[EXERCISE PROMPT]: Restate word for word the lines below from the one that has "Shopper con grafica parole dettaglio" through the one that has "Yellow Lulu sweatshirt", keeping both and dropping all pictures.

[RECORD SET]:
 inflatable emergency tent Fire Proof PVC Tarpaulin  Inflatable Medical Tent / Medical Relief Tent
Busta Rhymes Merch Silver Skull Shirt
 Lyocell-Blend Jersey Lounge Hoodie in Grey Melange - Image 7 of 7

* * *

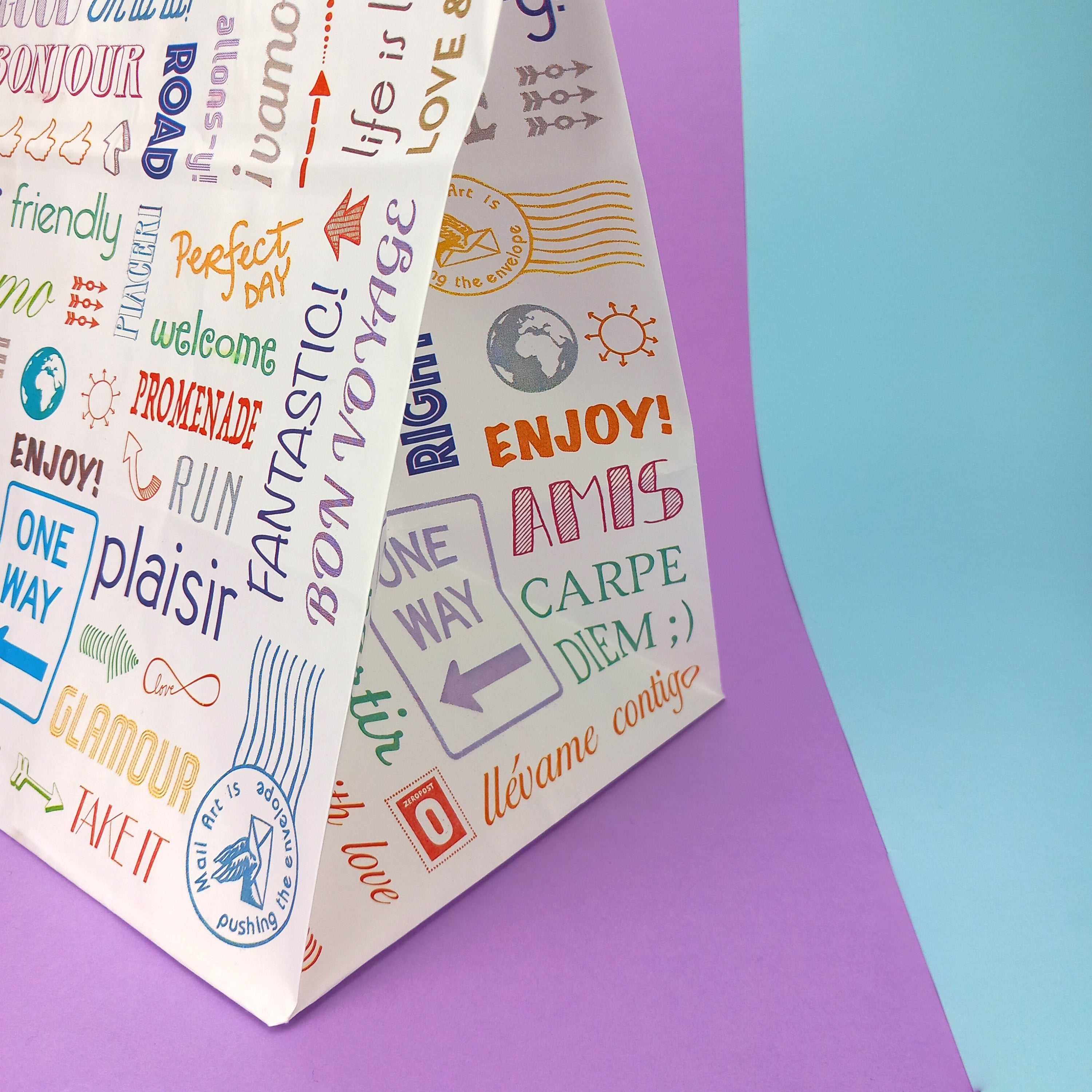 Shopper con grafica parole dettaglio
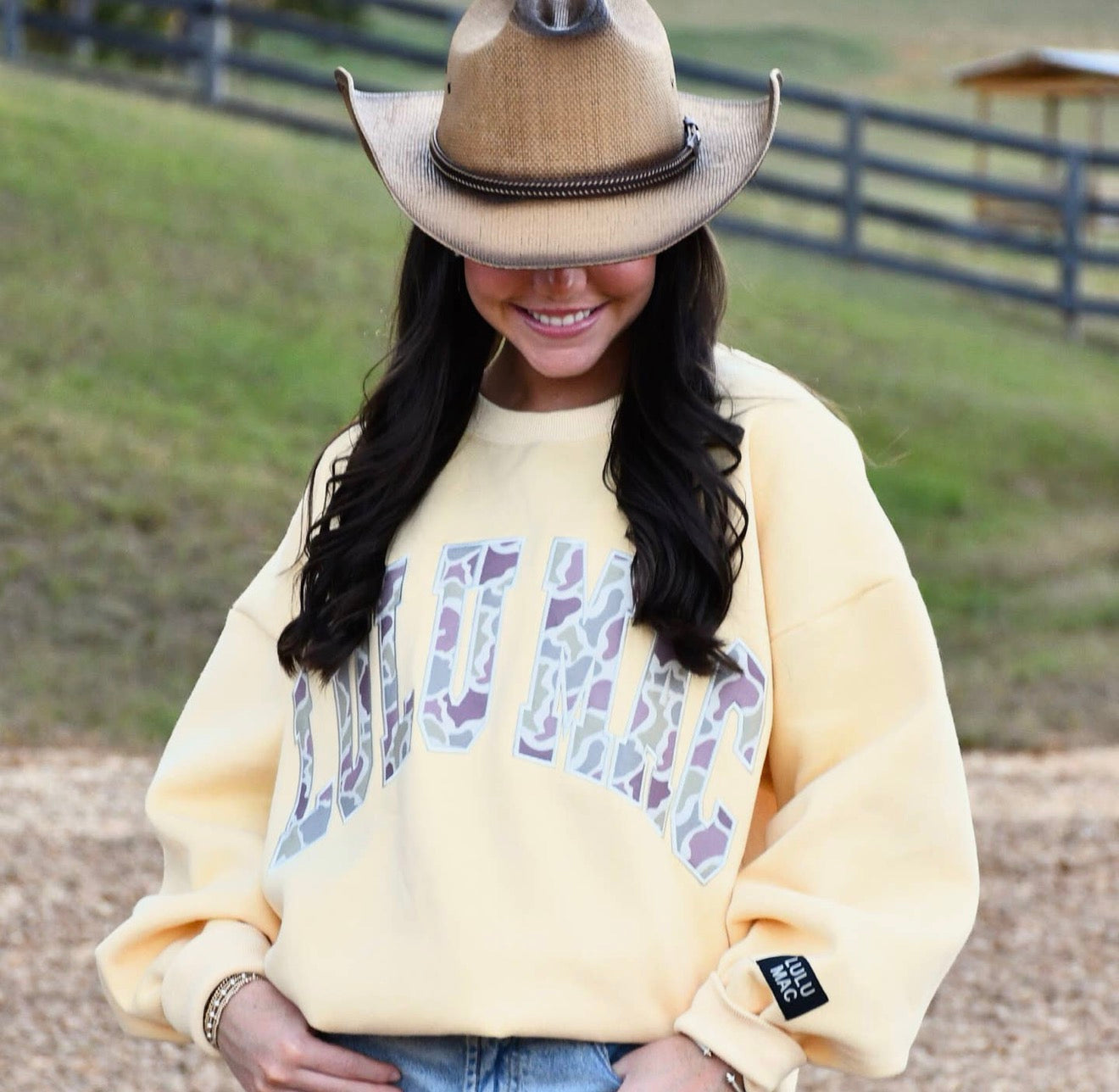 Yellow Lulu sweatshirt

[THE ANSWER]:
 Shopper con grafica parole dettaglio
 Yellow Lulu sweatshirt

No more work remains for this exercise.